Stop, collaborate and listen by allaboutgeorge on Flickr

Stop, collaborate and listen by allaboutgeorge on Flickr

Phil Swann, Si Managing Director writes

One of the interesting features of the current debate about devolution and combined authorities is the interlinking of action to enable economic growth with the next phase of public service reform in the face of continued reductions in public expenditure. This is particularly pressing in relation to education and training.

The skills challenge is high up the list of priorities in every strategic economic plan and local growth deal: up-skilling the existing workforce, tackling the continuing unacceptable levels of young people with no qualifications, and meeting the specific skills needs of local employers.

A lot of attention has been paid to the case for devolving responsibility for allocating skills funding to a local level. That remains an important goal, but there is an equally important task to be done in ensuring that best use is made of the education and training provision that exists locally and getting maximum benefit from any additional investment.

I am currently working in a city in which significant new investment is being planned in both higher and further education, with little or no thought being given to, for example, the dual use of facilities.
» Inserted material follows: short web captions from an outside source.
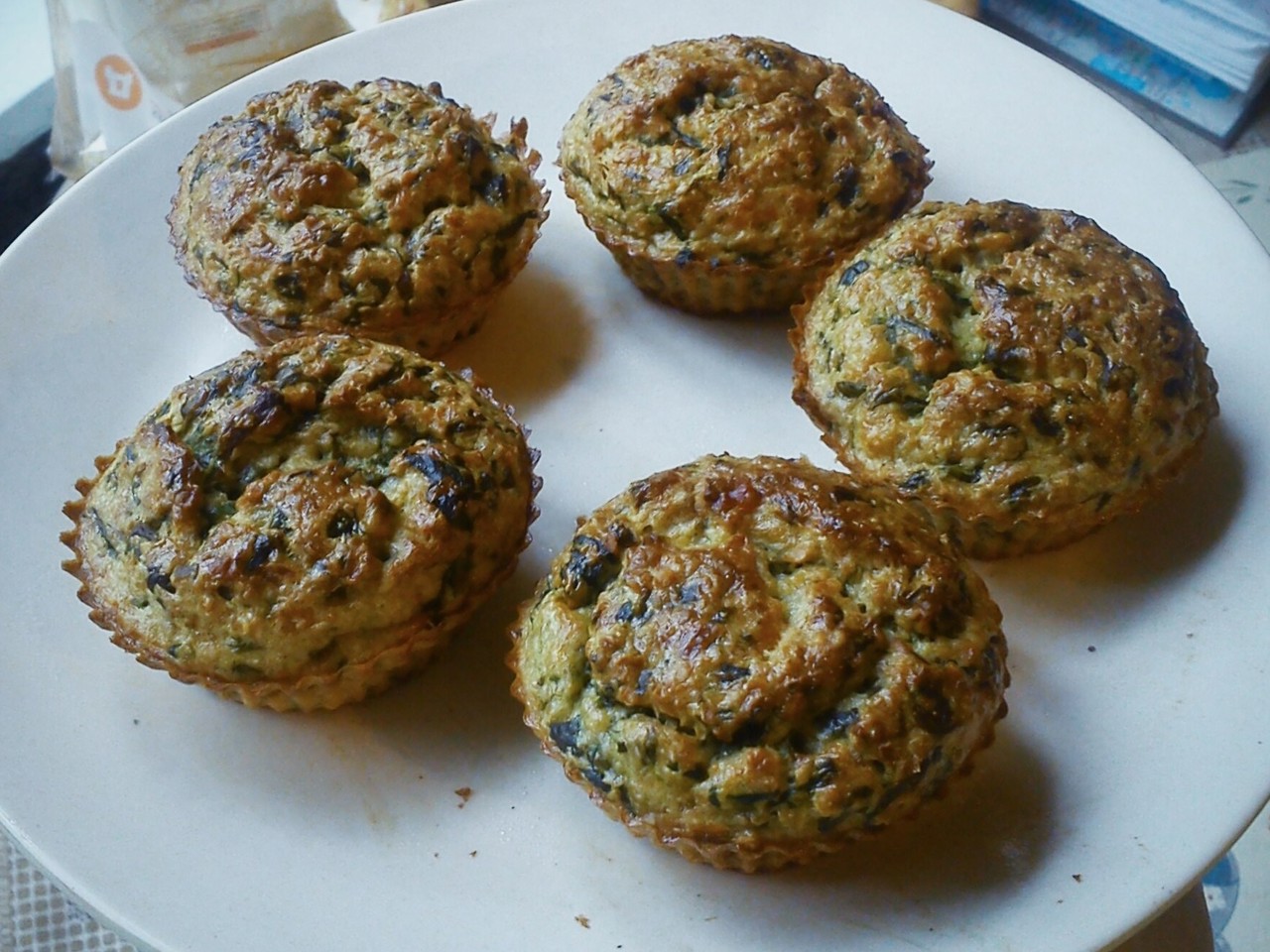 Oatmeal Muffins with Cheese and Spinach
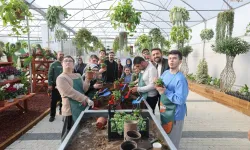 Özel bireyler toprakla buluştu: Elleriyla hasat yaptılar, menekşe ektiler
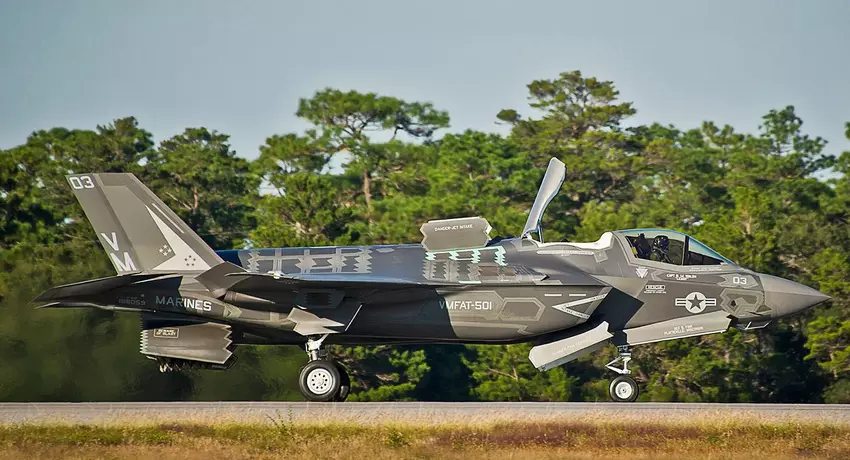 Het wrak van een 80 miljoen dollar kostend F-35B gevechtsvliegtuig van de vijfde generatie dat op de automatische piloot wegvloog nadat de piloot uit het vliegtuig was gesprongen, is gevonden in de VS.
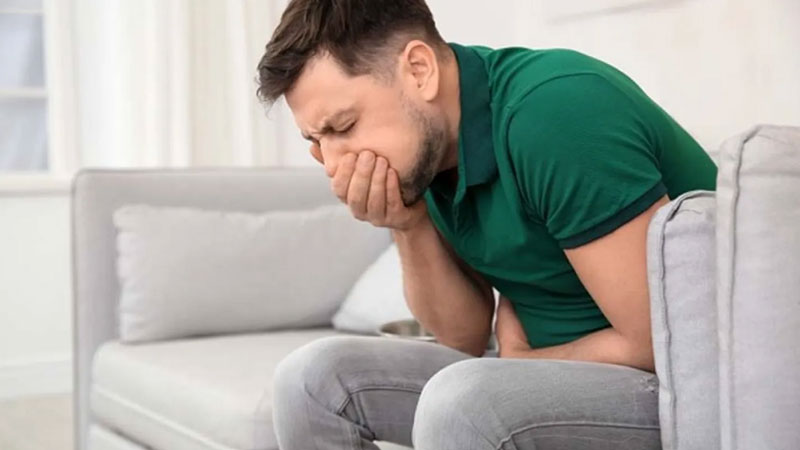 Tác hại khi uống tinh dầu thông đỏ không đúng cách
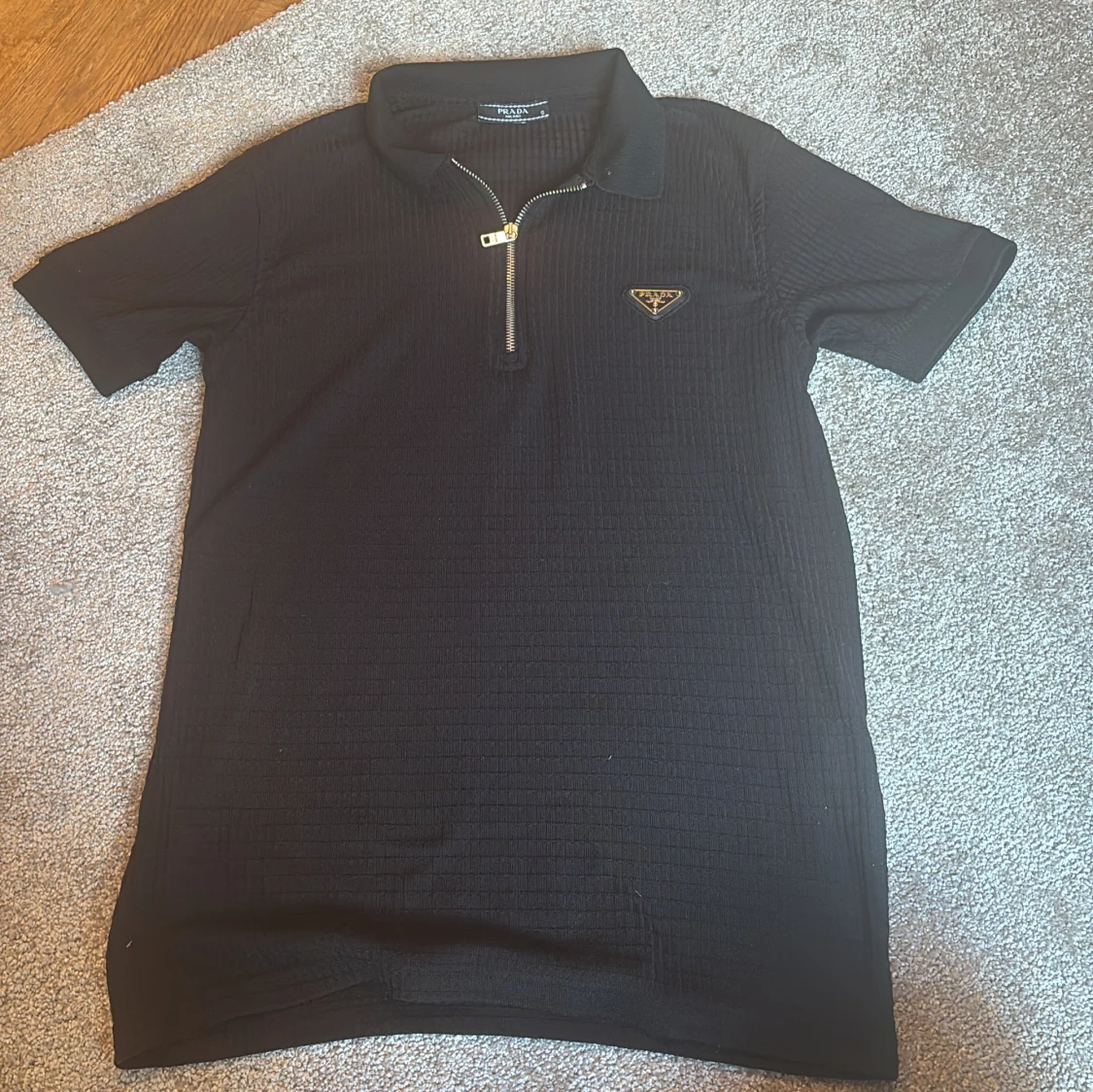 Svart pikétröja från Prada med zip - 2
In the same area there is a lot of talk about creating centres of excellence across the FE sector in the area to meet the needs of local employers; but there has been very little action. And I know that city is by no means unique.

The current funding mechanisms are based on the premise of competition between providers, making collaboration fearsomely difficult.

It seems to me that there needs to be a shock to the system to break through this inertia. Maybe the Skills Funding Agency has just provided that shock in its announcement of significant cuts in FE and skills funding from the start of the coming academic year – cuts of as much as 24% in non-apprenticeship adult skills budgets.

Cuts of that scale will put the viability of some institutions at risk, making the case for collaboration stronger than ever and more difficult to resist.

I know that some senior civil servants are encouraging LEPs to take the initiative and review FE provision across their area. And it is significant that one of the strands in the recent Greater Manchester devolution deal was to give the combined authority the power to re-shape and restructure FE in the area.

It is important, however, that any LEPs which do decide to grasp this nettle do not confine their attention to FE. The real prize lies in a more integrated approach embracing both FE colleges, and Universities, and schools too.

This matches the extent of integration now being envisaged in health and social care. And, if we are being honest, the potential prize is just as big, as are the financial pressures.

This is an area in which it should be possible to get better for less. We owe it to today’s learners and employers to face up to this. But it will not be easy.